Content-Type: text/plain

Any repository that's been worked on for a long enough time by enough developers tends to accumulate stale branches — fixes that were never deployed, features that were scrapped, ideas that never came to fruition, and so on.

It can be tempting to just nuke them all, but there's a chance that someone on the team will realise sooner or later that they really needed some old branch, for whatever reason that may be.

In this post we will look at how to combine git format-patch with a little bit of shell script to archive all branches in a way that's easy to restore, preserving both the diff and metadata associated with the commits.

#git format-patch

The git format-patch command is ideal as it creates a patch file for each commit with the diff and the metadata associated with the commit object like the author, date, and message.

Here's an example of what it looks like (with the diff omitted).

From e29bf4f0b9ea54b1b2072015cfd721ae119f3198 Mon Sep 17 00:00:00 2001
From: crdx <...>
Date: Thu, 25 Jan 2023 20:40:10 +0000
Subject: [PATCH] foo

---
 foo.md | 71 +++++++++++++++++++++++++++++++++++++++
 1 file changed, 71 insertions(+)
 create mode 100644 foo

This command is used indirectly in mailing list workflows to generate emails containing patches, which are sent to maintainers who apply them on the other end using git am. This is exactly how archived branches can be restored later.

cat 0001-foo.patch | git am -3

#List the branches

Let's start by getting a list of all remote branch names, excluding the default branch and any leading whitespace.

git branch -r | grep -v '/main$' | sed 's/^\s*//'

(Change main1 if your default branch is instead called master or something else.)

You should carry out a visual check to make sure this list contains only the branches that should be archived. The grep -v '/main$' pipeline may match legitimate branch names in some cases, and depending on your workflow it's more than likely that there are some in that list that represent in-progress work that do not need to be archived. If that is the case then add some more grep -v calls to the pipeline to strip them out.

#Archive them all

Next we'll run git format-patch against each of these remote branches, creating a .patch file for each commit on each branch. If a branch comprises multiple commits, then multiple patch files will be created, so ideally each branch's patches should be placed in a directory named after the branch.

#!/bin/bash
set -euo pipefail

mkdir -p archive

git branch -r | grep -v '/main$' | sed 's/^\s*//' | while read -r REF; do
    DIR="archive/$(echo "$REF" | cut -d/ -f2-)"
    mkdir -p "$DIR"
    git format-patch "main..$REF" -o "$DIR"
done

(If you're already using archive/ for something else, make sure to change it.)
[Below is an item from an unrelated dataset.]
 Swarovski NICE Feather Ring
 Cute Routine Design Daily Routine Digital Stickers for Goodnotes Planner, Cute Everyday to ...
The branch name with the remote prefix removed (e.g., origin/foo becomes foo) is used as the output directory to git format-patch. It's important to mkdir -p this directory first as branch names can contain forward slashes, and these will be mapped directly to the filesystem structure. This is how git stores branches within the .git folder already so it's safe to rely on that behaviour here, too.
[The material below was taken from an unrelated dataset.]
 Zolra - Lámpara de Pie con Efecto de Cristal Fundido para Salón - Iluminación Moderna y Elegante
Now archive that directory and move it somewhere else for safekeeping, so that when a member of the team inevitably realises they needed something from an old branch they'll be able to access and re-apply the patches with git am.

tar czf archive.tgz archive/

#Delete them all?

Since there are probably active branches in the repository that should not be deleted I recommend exercising caution before scripting deletion of the remote branches.

It might be safer to take the list and convert them into a sequence of calls to git push origin --delete $BRANCH that you can execute manually.

That said, automating it would just mean adapting the loop above, so go ahead if you're sure.

#Clean up local copies

Each developer will have local copies of the remote branches. These can be cleaned up by running the following command which instructs git to delete the local reference to the non-existent remote branches. This will not delete a local checkout of a remote branch.

git remote prune origin

  1. The default branch has been main since git 2.28.